But as I was walking, it occurred to me that that's not the most efficient possible way to break things into three pieces, statistically speaking. And that's because the reference group is in two comparisions, and the middle and higher exposure groups are only in one comparison. So, if one could have a slightly larger reference group, then you would get more statistical power, even if there were fewer people in the other two groups.
Off the cuff, I guessed that if you chose 40% to be the reference group, and 30% each for the middle and higher exposure groups, that would probably be a bit more efficient.
So, when I got home, I tried out some ideas. The main thing I was looking for was to get the confidence limits around the two comparisons as small as possible. In order to test that out in a particular (purely theoretical) example, I assumed that I was trying to estimate the difference between proportions, so the standard errors would be simple to calculate, and then I made another assumption, that the "event rate" was identical in all three groups (that is, there is no dose-response whatsoever). That's not really the assumption I want to make, but it's a simple starting point to work from.
Then, I calculated the standard errors using a third-a third-a third cut-points, and then again using 40% for the reference group, and 30% for the other two, and voila, the 40%:30%:30% splits did have smaller standard errors (red line below) than the 33%:33%:33% ones did (blue line below). It doesn't look much different, but when you're trying to squeeze the maximum statistical power out of the data you've got, this would be a cheap & simple way to do something.
For a four-group categorization, the optimal size for the reference group is 36.60254%, with 21.2324867% in the three comparison groups.
For a five group categorization, the optimal reference group size is exactly 1/3, with 1/6 in each of the other four groups, and for an eight category breakdown (I can't say I recommend splitting so finely), the optimal reference group would be 27.429189%, with 10.36725871% in each of the other 7 groups.

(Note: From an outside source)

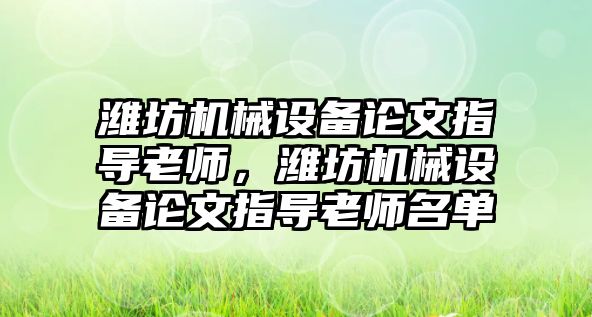 濰坊機械設備論文指導老師，濰坊機械設備論文指導老師名單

I probably won't pursue this any further because I see stats as the means to the end, and not super interesting in themselves.
If there is a dose-response, these calculations get a bit more complex, and depend on how much of a dose response, the distribution of the exposure, and so on. My guess is that in that case, the optimal size for the reference category would be a bit larger, and there might even be a bit of efficiency gain by making the middle exposure group a tiny bit larger than the higher exposure group.
But enough with the navel-gazing. Time to get back to my paper on how segregation affects how likely one is to experience racially discriminatory events...